This is problem **3.23** on page **97** of Hastie et al., *Elements of Statistical Learning*, 2nd. ed. (5th printing).

The key to this problem is a good understanding of ordinary least squares (i.e., linear regression), particularly the orthogonality of the fitted values and the residuals.

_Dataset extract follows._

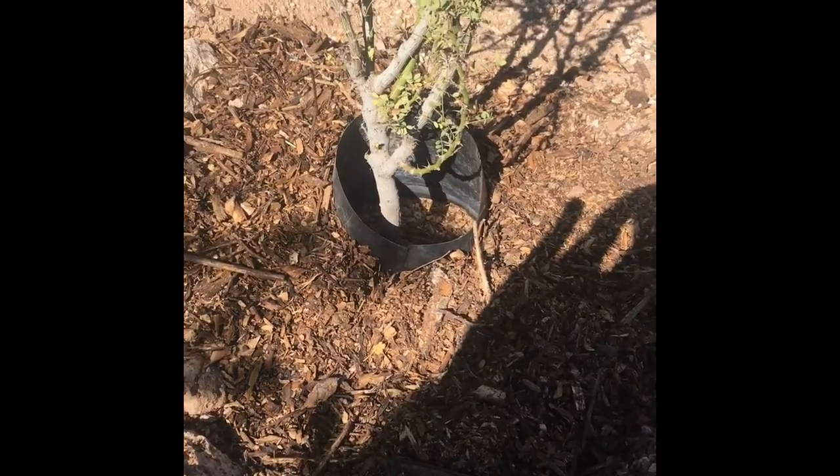And hey, you're ready to water. When you water, water into the tree saver, and then the moisture gets under the mulch and you retain as much water — lose as little to evaporation as possible. Give it a try!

**Orthogonality lemma**: Let $X$ be the $n \times p$ design matrix, $y$ the response vector and $\beta$ the (true) parameters. Assuming $X$ is full-rank (which we will throughout), the OLS estimates of $\beta$ are $\hat{\beta} = (X^T X)^{-1} X^T y$. The fitted values are $\hat{y} = X (X^T X)^{-1} X^T y$. Then $\langle \hat{y}, y-\hat{y} \rangle = \hat{y}^T (y - \hat{y}) = 0$. That is, the fitted values are *orthogonal* to the residuals. This follows since $X^T (y - \hat{y}) = X^T y - X^T X (X^T X)^{-1} X^T y = X^T y - X^T y = 0$.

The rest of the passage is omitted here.